Flash flooding in St. Louis joins a recent streak of dangerous weather in the U.S., as several thunderstorms brought record-breaking rainfall to the area, leaving at least one person dead and several stranded.
With the barrage of high heat across the globe, you might think that some rain would be a nice respite, but in St. Louis the aggressive downpour quickly turned into a flash flood. The National Weather Service says that several thunderstorms dropped upwards of 2 inches (5.1 centimeters) of rain per hour to the St. Louis metropolitan area beginning early on Tuesday morning, which caused major flooding. St. Louis Fire Chief Dennis Jenkerson said in a briefing yesterday that city’s fire department conducted 70 civilian rescues related to the flooding.
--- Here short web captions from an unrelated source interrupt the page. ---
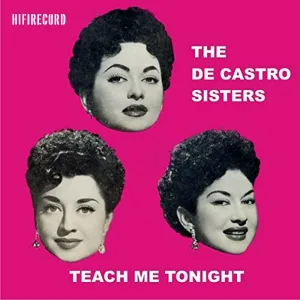 The De Castro Sisters - If I Ever Fall in Love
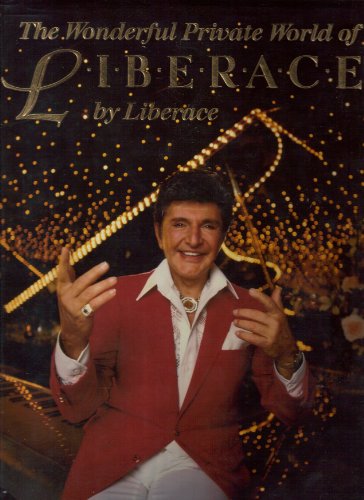 Imagen de archivo de The Wonderful Private World of Liberace a la venta por HPB-Ruby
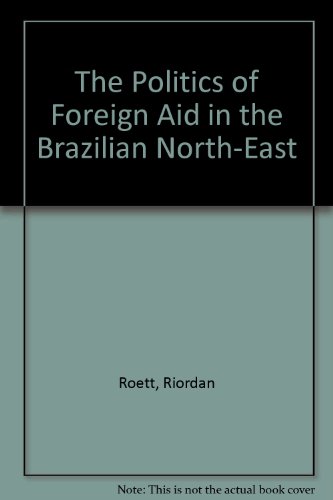 Stock image for The politics of foreign aid in the Brazilian Northeast for sale by Wonder Book
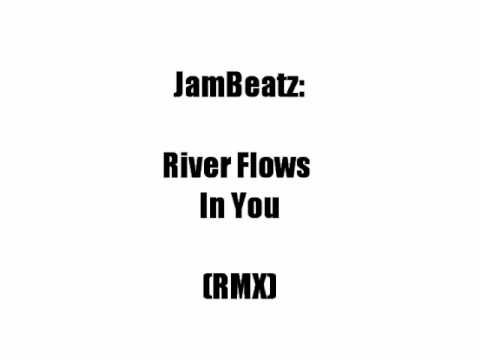 JamBeatz - River Flows In You (Remix)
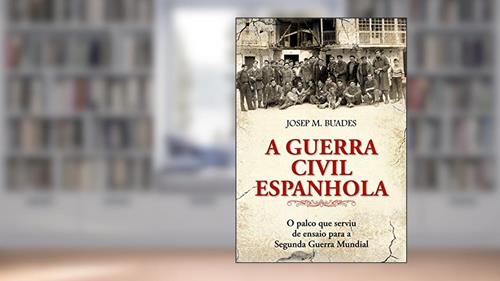 Capa de A guerra civil espanhola: O Palco que Serviu de Ensaio Para a Segunda Guerra Mundial, do autor Josép M. Buaeds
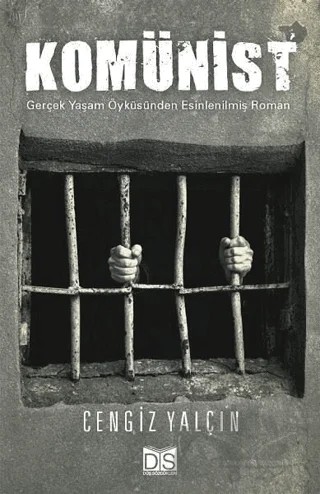 Komünist – Cengiz Yalçın – Düş Sözcükleri Yayınları kitap kapağı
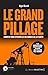 Le grand pillage : : commen...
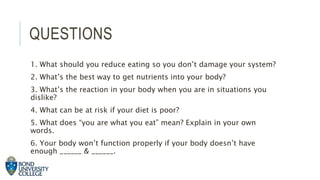 QUESTIONS
1. What should you reduce eating so you don’t damage your system?
2. What’s the best way to get nutrients into your body?
3. What’s the reaction in your body when you are in situations you
dislike?
4. What can be at risk if your diet is poor?
5. What does “you are what you eat” mean? Explain in your own
words.
6. Your body won’t function properly if your body doesn’t have
enough ______ & ______.
 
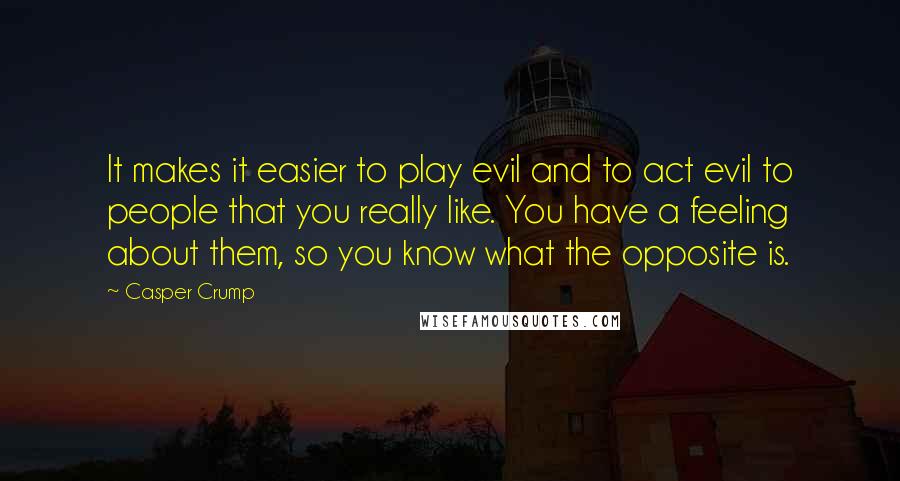 Casper Crump Quotes: It makes it easier to play evil and to act evil to people that you really like. You have a feeling about them, so you know what the opposite is.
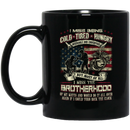 Usmc Veteran Coffee Mug I Miss Being Cold Tired Hungry I Miss The Brother Hood USMC Veteran 11oz - 15oz Black Mug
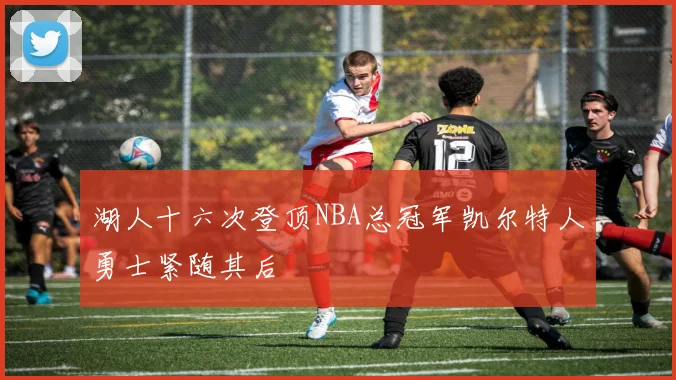 湖人十六次登顶NBA总冠军凯尔特人勇士紧随其后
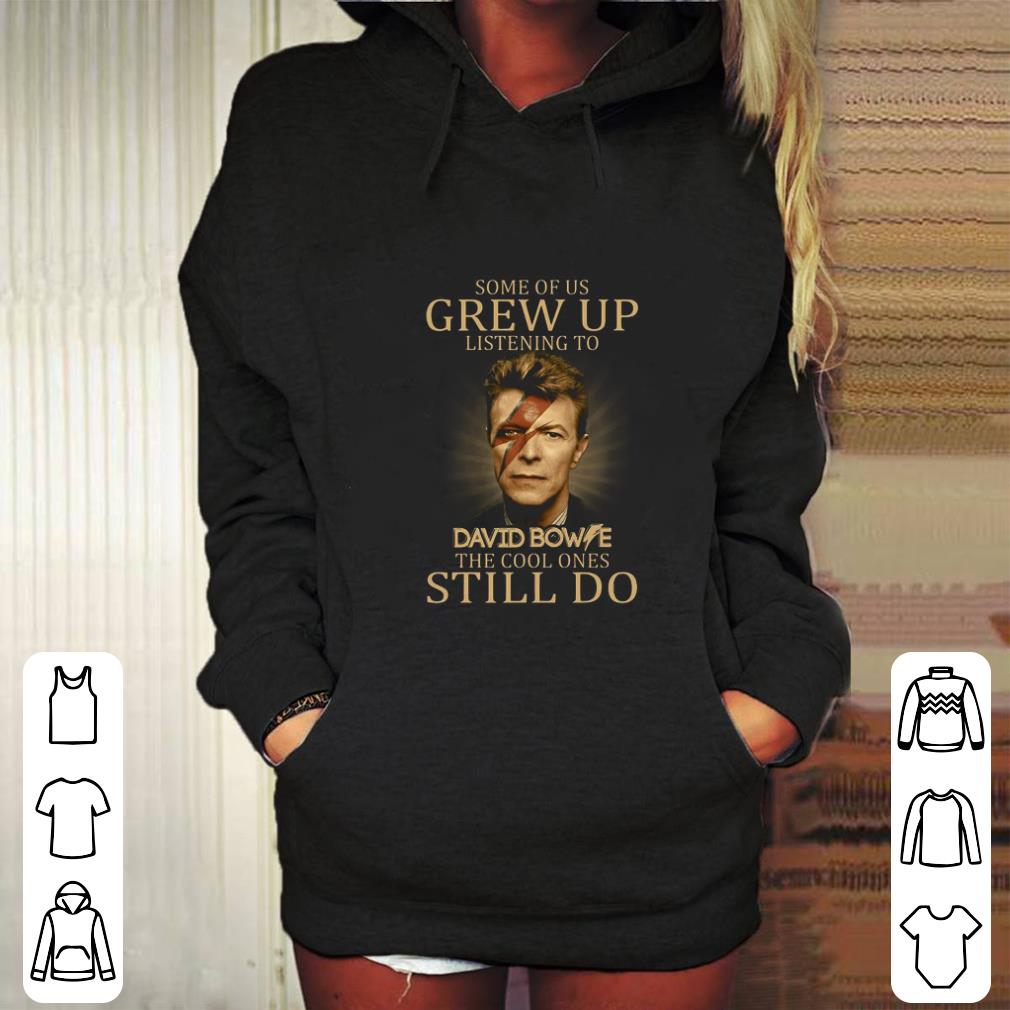 Cool Some of us grew up listening to David Bowie the cool ones still do shirt 4 - Cool Some of us grew up listening to David Bowie the cool ones still do shirt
They also recovered a person, later declared deceased, from a car submerged under 8.5 feet (2.6 meters) of water.
“Communities throughout our region were devastated by last night’s record rainfall and flooding,” said St. Louis Mayor Tishaura O. Jones in a statement yesterday. “My heart goes out to all those families who were impacted, and I remain in consistent communication with our partners at the county, state, and federal governments. This declaration of emergency will help us get the resources we need to begin our city’s recovery.”
The flooding caused widespread damage across the area, and broke several St. Louis precipitation records. The National Weather Service says that approximately 11 inches (27.9 centimeters) of rain fell across an eight-hour window between the areas of Hawk Point and St. Peters. The St. Louis-Lambert International Airport also clocked a new all-time high daily precipitation record in just a few hours: 8.6 inches (21.8 centimeters) of daily rainfall fell between midnight and 12 p.m. CT. This surpasses the previous record for the area, 6.85 inches (17.4 centimeters), which fell in 1915 during the remnants of a hurricane.
There’s no scientific attribution available yet on how climate change may have impacted this specific storm. But research has shown that a warming atmosphere is more likely to produce heavier rains, as warmer air can hold more moisture. The Intergovernmental Panel on Climate Change last year found that heavier rains have become 30% more frequent around the world as the planet has warmed, and intense rainfall is likely to increase as temperatures keep going up.
This week’s downpour in St Louis serves as a reminder that, even amidst summer droughts, wildfires, and heatwaves, climate-charged rainstorms can still be deadly. Last year, rains turned Detroit’s roads into rivers, flash floods destroyed Colorado highways, and Hurricane Ida’s intense storms killed nine people in New York City.